The Sun Blade 8000 Modular system is a blade server optimized for high performance applications which place high demands on CPU performance, memory capacity, and I/O bandwidth. In order to accommodate such applications, the Sun Blade 8000 Modular system CPU blade architecture provides four (4) CPU sockets, sixteen (16) DDR1-400 DIMM sockets, and up to 48 lanes of PCI-Express I/O. The CPU sockets will support both single-core and dual-core AMD Opteron™ CPUs, and supported memory DIMMs will include 1 GB and 2 GB at initial revenue release, with support for 4 GB DIMMs phased in soon thereafter.

The Sun Blade 8000 Modular system chassis accommodates very high I/O bandwidth via a number of plug-in modules on the rear of the chassis.
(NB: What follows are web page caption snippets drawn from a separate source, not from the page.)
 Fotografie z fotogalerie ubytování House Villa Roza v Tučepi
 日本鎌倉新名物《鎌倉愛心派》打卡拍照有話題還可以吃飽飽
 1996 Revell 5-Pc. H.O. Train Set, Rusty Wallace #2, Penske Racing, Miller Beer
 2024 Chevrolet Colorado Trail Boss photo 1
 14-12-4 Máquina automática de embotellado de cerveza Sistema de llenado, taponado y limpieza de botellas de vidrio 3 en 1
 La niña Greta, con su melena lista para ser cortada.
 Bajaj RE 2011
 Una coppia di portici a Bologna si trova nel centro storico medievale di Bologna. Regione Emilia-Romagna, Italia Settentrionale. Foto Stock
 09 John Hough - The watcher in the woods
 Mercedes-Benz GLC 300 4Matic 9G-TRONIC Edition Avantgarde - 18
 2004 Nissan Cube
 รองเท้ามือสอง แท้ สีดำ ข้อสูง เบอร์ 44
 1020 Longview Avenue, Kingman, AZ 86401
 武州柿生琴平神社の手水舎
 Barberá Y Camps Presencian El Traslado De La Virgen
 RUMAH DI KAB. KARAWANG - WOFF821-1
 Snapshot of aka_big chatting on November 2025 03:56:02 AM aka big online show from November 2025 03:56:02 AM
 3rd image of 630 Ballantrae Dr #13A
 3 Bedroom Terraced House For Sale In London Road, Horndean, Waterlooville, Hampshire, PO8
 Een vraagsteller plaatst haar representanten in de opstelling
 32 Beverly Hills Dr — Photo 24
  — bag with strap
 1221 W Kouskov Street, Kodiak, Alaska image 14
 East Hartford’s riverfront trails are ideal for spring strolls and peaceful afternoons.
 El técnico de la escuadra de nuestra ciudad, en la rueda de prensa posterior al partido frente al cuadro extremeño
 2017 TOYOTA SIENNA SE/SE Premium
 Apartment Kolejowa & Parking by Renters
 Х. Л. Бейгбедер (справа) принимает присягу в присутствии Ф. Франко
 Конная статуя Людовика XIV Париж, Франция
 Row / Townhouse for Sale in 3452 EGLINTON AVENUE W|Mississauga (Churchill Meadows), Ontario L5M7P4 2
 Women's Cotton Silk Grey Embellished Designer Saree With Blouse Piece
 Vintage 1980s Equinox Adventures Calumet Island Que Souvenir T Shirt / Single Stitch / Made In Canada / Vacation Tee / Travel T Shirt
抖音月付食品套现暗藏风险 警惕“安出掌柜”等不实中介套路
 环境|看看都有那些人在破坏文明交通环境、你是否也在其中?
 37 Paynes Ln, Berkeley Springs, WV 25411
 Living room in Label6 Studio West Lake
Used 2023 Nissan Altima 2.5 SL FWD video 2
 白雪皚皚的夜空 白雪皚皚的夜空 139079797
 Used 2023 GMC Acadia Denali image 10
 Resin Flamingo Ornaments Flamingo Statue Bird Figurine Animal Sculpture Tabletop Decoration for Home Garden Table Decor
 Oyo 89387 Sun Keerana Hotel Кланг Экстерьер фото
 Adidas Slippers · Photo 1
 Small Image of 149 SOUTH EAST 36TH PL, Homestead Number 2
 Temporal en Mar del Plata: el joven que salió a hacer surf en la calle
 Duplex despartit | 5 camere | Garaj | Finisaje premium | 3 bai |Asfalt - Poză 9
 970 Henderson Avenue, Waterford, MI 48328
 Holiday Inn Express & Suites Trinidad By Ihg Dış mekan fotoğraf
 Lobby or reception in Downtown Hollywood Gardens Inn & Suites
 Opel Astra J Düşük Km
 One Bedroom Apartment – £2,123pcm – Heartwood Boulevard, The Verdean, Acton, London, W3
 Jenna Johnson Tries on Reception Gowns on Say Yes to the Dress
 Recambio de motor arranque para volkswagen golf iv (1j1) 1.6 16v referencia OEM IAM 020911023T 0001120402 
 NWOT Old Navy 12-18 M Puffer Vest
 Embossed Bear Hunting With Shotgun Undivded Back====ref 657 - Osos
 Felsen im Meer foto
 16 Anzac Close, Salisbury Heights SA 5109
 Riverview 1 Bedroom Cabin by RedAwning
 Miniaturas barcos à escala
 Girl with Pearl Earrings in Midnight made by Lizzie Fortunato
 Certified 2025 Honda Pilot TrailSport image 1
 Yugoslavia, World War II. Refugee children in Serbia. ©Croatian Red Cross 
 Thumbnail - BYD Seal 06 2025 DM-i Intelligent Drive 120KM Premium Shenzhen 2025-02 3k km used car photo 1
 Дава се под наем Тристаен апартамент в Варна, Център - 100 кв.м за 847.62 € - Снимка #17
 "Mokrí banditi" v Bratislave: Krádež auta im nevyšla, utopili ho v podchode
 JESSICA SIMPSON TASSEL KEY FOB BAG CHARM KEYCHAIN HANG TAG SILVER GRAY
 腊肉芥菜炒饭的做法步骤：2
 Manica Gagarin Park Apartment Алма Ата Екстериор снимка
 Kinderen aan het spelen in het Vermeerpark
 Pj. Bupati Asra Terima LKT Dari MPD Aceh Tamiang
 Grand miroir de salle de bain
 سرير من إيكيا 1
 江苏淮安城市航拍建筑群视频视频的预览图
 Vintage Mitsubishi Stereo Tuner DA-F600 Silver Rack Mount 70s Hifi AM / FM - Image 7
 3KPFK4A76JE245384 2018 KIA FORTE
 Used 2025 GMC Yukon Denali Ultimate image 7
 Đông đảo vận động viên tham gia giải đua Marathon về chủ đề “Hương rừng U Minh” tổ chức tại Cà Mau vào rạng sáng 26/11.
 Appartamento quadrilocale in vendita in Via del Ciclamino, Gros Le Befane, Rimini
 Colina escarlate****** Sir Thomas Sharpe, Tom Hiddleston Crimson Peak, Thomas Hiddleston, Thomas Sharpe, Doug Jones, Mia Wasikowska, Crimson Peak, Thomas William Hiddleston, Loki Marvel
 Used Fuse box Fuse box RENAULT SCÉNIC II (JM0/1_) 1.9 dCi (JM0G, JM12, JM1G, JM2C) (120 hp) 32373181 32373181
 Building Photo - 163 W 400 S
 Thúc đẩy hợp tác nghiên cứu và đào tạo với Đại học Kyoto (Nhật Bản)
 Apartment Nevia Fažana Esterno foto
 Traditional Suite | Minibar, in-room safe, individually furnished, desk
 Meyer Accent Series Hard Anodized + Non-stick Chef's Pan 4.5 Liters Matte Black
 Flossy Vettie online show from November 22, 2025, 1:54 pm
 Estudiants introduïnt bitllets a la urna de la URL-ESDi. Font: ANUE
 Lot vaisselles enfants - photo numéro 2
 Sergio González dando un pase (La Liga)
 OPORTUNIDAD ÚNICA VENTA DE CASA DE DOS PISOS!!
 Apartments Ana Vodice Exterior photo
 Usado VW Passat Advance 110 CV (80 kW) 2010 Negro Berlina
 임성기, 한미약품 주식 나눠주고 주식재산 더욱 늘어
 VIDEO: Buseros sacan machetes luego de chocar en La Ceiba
The Sun Blade 8000 Modular system design provides a power and cooling infrastructure to support current and future CPU and memory configurations. The key characteristics of Andromeda are: support for up to four single-core or dual-core AMD Opteron™ CPUs. Thus, up to 8 CPU cores per blade are provided. The cooling and power distribution systems of the Sun Blade 8000 Modular system blades are designed to handle future 140 W CPU chips and CPUs with more than two cores.

There is a complete physical separation between CPU and I/O modules. Sun Blade 8000 Modular system uses industry-standard PCI-Express Express modules (EM) for “blade-at-a-time” I/O configuration, and a Network Express module (NEM) for “bulk” I/O configuration and I/O aggregation. Blade servicing can be performed without affecting cabling or I/O configuration. EM and NEM modules are also hot-swappable independently of the blades.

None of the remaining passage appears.